N G -nitro-L-arginine-methyl ester exposure during pregnancy induced programmed hypertension in adult male offspring, which was prevented by maternal melatonin or N-acetylcysteine therapy. Protective effects of melatonin and N-acetylcysteine against N G -nitro-L-arginine-methyl ester–induced programmed hypertension were associated with an increase in hydrogen sulfide–generating enzymes and hydrogen sulfide synthesis in the kidneys. Nitric oxide inhibition by N G -nitro-L-arginine-methyl ester in pregnancy caused >2000 renal transcripts to be modified during nephrogenesis stage in 1-day-old offspring kidney. Among them, genes belong to the renin-angiotensin system, and arachidonic acid metabolism pathways were potentially involved in the N G -nitro-L-arginine-methyl ester–induced programmed hypertension. However, melatonin and N-acetylcysteine reprogrammed the renin-angiotensin system and arachidonic acid pathway differentially.


Conclusion


Our results indicated that antioxidant therapy, by melatonin or N-acetylcysteine, in pregnant rats with nitric oxide deficiency can prevent programmed hypertension in male adult offspring. Early intervention with specific antioxidants that target redox imbalance in pregnancy to reprogram hypertension may well allow us to reduce the future burden of hypertension. The roles of transcriptome changes that are induced by N G -nitro-L-arginine-methyl ester in the offspring kidney require further clarification.


Nitric oxide (NO), a potent vasodilator, regulates fetoplacental blood flow, organogenesis, and fetal growth. NO deficiency is related to preeclampsia, gestational hypertension, and programmed hypertension in the offspring. In utero reactive oxygen species (ROS) that are generated by a variety of suboptimal conditions are key downstream mediators that initiate the programming of the offspring. The developing kidney is particularly susceptible to the insults of programming. Accumulating evidence indicates that decreased NO bioavailability and increased ROS that causes oxidative stress in the kidney are present in various experimental models of programmed hypertension. Our recent work demonstrated that that ROS/NO imbalance is involved in the development of hypertension in different developmental models, such as maternal caloric restriction, maternal diabetes mellitus, and the prenatal dexamethasone exposure model.


We previously showed that the inhibition of the NO synthase (NOS) with N G -nitro-L-arginine-methyl ester (L-NAME) during pregnancy induced programmed hypertension in male offspring at 12 weeks of age, which was prevented by maternal L-citrulline supplementation. Asymmetric dimethylarginine (ADMA) is an endogenous inhibitor of NOS. Elevated ADMA levels that lead to an imbalanced ADMA-NO pathway are related to compromised pregnancy, fetal programming, and programmed hypertension. Although maternal L-citrulline supplementation decreased ADMA concentration and restored ADMA/NO balance to prevent the programming of hypertension, whether other antioxidants can prevent maternal L-NAME exposure-induced programmed hypertension via restoration the ADMA-NO pathway and NO-redox balance remains unclear.

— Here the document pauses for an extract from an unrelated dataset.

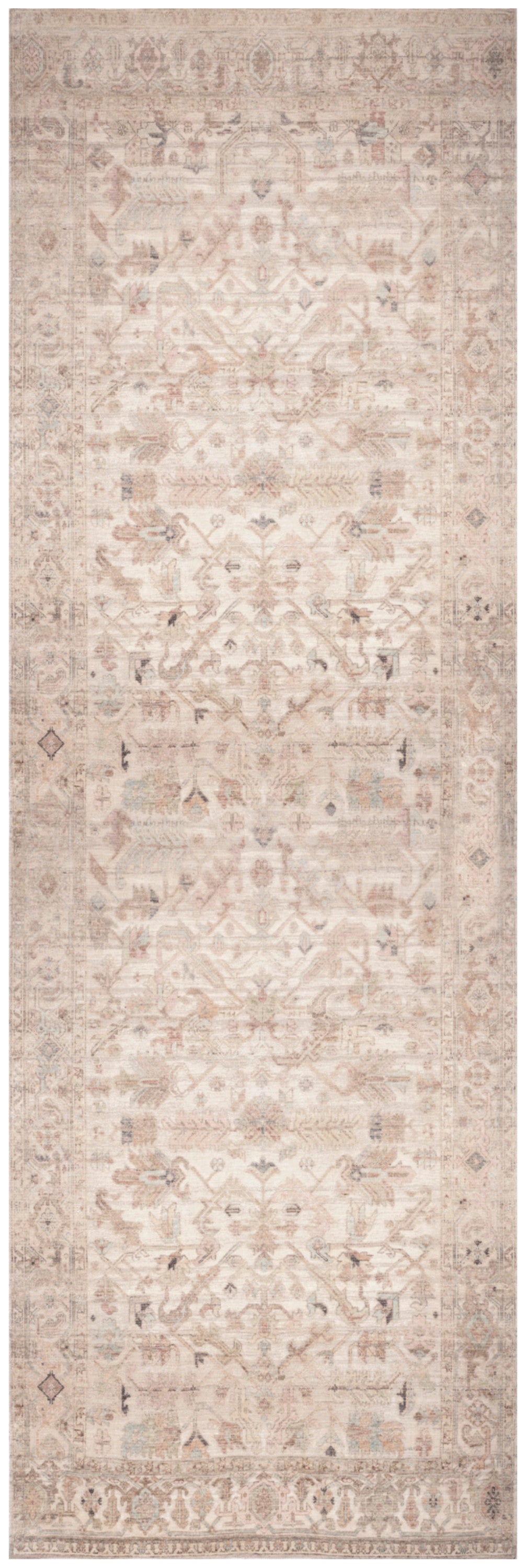 Nourison Vintage Washables 2' x 6' Beige Vintage Indoor Rug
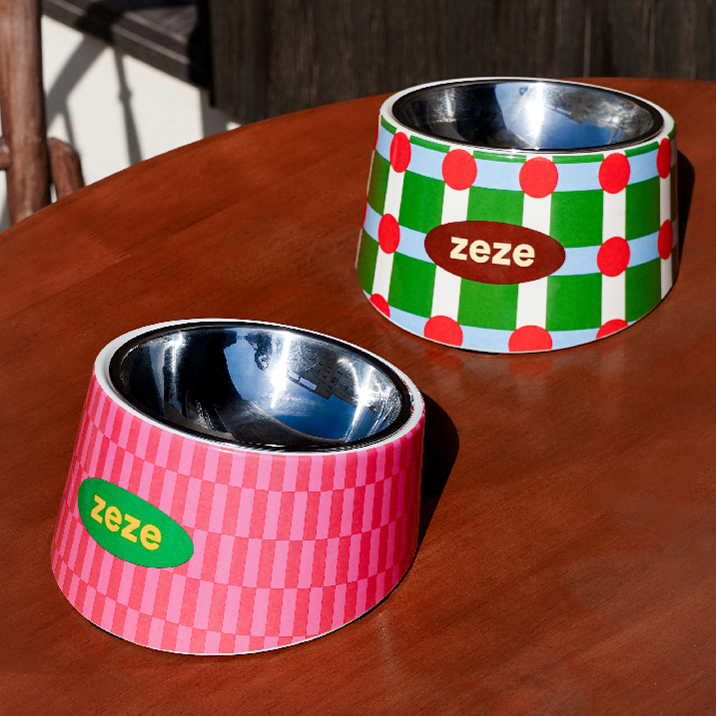 Vintage Sweetheart & Striped Polka Dot Metal Bowl - Image 1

Melatonin and its metabolites have both direct radical scavenging effects and indirect antioxidant actions. Given that melatonin can reverse oxidative stress during the prenatal period, melatonin has been shown to be a reprogramming strategy. We found that prenatal melatonin therapy offsets the effects of maternal caloric restriction–induced programmed hypertension in adult offspring.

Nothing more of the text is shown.